Their national name, according to the report of their chief, White, is Nentégo. The Delawares call them Unéchtgo, and the Iroquois Sganiateratieh-rohne. These three names have the same meaning, and signify tide water people, or the sea shore settlers. They have besides other names, by-names, as it were, given them with reference to their occupation. The Mohicans, for instance, call them Otayáchgo, and the Delawares Tawachguáno,[102] both which words in their respective languages, signify a “bridge,” a “dry passage over a stream;” which alludes to their being noted for felling great numbers of trees across streams, to set their traps on. They are also often called the Trappers.

In the year 1785, this tribe had so dwindled away, that their whole body, who came together to see their old chief, White, then residing with the Christian Indians on the Huron river,[103] north of Detroit, did not amount to 50 men. They were then going through Canada, to the Miami country, to settle beside the Shawanos, in consequence of an invitation they had received from them.

The Mahicanni, or Mohicans.

This once great and renowned nation has also almost entirely disappeared, as well as the numerous tribes who had descended from them; they have been destroyed by wars, and carried off by the small pox and other disorders, and great numbers have died in consequence of the introduction of spirituous liquors among them. The remainder have fled and removed in separate bodies to different parts, where they now are dispersed or mingled with other nations. So early as the year 1762, a number of them had emigrated to the Ohio, where I became acquainted with their chief who was called by the whites “Mohican John.” Others have fled to the shores of the St. Lawrence, where numbers of them incorporated themselves with the Iroquois, and where their descendants live at the present time, a mixed race, known by the name of the Cochnewago Indians. Upwards of one hundred of them, who lived in the colonies of Connecticut and New York, having through the labours of the United Brethren embraced Christianity, emigrated to Pennsylvania, some time between 1742 and 1760, where they afterwards became incorporated with the Delawares.[104] A considerable number migrated from Hudson’s river about the year 1734, and settled at Stockbridge, in Massachusetts; between the year 1785 and 1787, they removed to Oneida, in the country of the Six Nations, and gave to their settlement the name of New Stockbridge. Before their removal their numbers had gradually diminished. In 1791, they were reduced to 191 persons.[105] They were once very numerous in Connecticut, and in the year 1799, there still were 84 individuals of them, in the county of New London,[106] the remains of a once large and flourishing settlement. It is probable that by this time they are nearly if not entirely extinct.
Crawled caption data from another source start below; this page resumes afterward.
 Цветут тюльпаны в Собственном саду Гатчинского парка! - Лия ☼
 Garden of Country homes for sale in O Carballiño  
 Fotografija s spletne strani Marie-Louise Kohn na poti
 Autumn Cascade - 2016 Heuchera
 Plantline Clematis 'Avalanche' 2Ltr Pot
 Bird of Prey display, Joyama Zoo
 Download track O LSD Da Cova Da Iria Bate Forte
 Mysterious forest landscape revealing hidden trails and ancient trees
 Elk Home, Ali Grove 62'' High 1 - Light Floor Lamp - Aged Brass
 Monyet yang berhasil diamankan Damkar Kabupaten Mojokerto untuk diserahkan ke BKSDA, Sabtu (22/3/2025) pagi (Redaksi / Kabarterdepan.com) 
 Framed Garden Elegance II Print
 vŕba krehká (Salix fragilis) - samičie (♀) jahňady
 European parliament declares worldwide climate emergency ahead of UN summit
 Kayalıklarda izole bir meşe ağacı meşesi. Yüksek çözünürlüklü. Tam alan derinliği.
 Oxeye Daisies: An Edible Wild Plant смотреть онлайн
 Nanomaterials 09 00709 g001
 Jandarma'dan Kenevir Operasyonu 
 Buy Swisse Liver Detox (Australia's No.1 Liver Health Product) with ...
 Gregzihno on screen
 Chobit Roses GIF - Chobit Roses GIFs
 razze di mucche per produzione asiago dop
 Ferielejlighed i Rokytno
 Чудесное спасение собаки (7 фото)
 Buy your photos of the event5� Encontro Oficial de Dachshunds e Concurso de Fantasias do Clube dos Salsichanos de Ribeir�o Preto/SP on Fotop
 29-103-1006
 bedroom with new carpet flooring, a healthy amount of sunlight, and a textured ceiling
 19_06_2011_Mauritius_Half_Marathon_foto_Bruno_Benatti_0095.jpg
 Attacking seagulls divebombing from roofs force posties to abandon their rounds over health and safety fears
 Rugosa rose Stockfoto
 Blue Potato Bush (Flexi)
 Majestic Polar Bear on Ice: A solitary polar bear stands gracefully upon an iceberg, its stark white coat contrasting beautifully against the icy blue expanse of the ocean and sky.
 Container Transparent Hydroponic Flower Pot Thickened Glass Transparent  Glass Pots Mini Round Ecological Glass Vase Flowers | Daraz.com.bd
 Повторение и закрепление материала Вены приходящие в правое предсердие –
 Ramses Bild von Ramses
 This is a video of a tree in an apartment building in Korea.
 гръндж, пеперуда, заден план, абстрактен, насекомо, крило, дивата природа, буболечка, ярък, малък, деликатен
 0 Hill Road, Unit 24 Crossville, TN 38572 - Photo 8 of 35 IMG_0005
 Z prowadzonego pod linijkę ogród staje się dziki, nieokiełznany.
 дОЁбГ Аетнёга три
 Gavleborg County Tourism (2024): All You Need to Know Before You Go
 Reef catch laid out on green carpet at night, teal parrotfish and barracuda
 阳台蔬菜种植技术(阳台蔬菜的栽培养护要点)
It is believed that the Mahicanni are the same nation who are so celebrated in the History of New England, under the name of Pequods or Pequots.[107] The Rev. Jonathan Edwards, late President of Union College at Schenectady, in the State of New York, published in the year 1788 in a pamphlet form, some observations on their language, which were republished at New York in 1801. This small tract, as well as the translation of the Bible into the Natick, by the venerable Eliot, and his grammar of that language, put it beyond a doubt that the idiom of the Mohicans and those of the other New England Indians proceeded from the same source with that of the Lenni Lenape.